Fluorescent Images were obtained using a multiphoton microscope (A1R; Nikon, NY, USA) in the confocal mode, using a 10x objective. Each spheroid image was the projection of merging of 5–10 images of different Z focus covering an approximate 10 μm Z distance.

For embryos

Fluorescent Images were obtained using a multiphoton microscope (A1R; Nikon, NY, USA) in the confocal mode. Each image analyzing the vasculature of embryonic parts was the projection of merging of 800 images of different Z focus covering an 800 μm Z distance.
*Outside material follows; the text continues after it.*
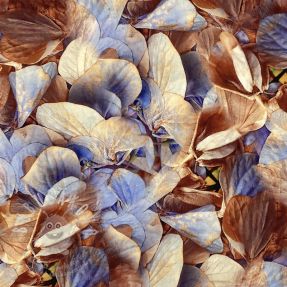 Viszkóz RADIANCE Dry flowers aqua digital print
For embryo size comparison, a fluorescent dissecting microscope (MVX10; Olympus, Pennsylvania, USA) was used.

For retinas

Fluorescent Images were obtained using a confocal laser scanning microscope (FV1000; Olympus, Tokyo, Japan). Quantification of cells or substances of interest was conducted on eight 500 μm x 500 μm fields of view per sample in scanned images, and numbers obtained from each of the eight fields were averages using an FV10-ASW Viewer (Olympus).

Statistical analysis

All experiments were repeated at least three times with similar results. Statistical analysis for embryo viability (difference from expected ratio) was performed with Chi Square test, whereas for the rest of the experiments statistical analysis was performed by an unpaired two-tailed Student’s t-test. Data analysis was performed using GraphPad Prism version 7.00 for Windows (GraphPad Software, San Diego, CA). The asterisks in the figures denote statistical significance (NS: not significant, *P < 0.05; **P < 0.01; ***P < 0.001).

Ethical approval and informed consent

All experimental protocols were approved by the TTUHSC IACUC committee and the experiments were performed in compliance with the Guide for the Care and Use of Laboratory Animals. For HUVEC isolation, informed consent was obtained from all participants.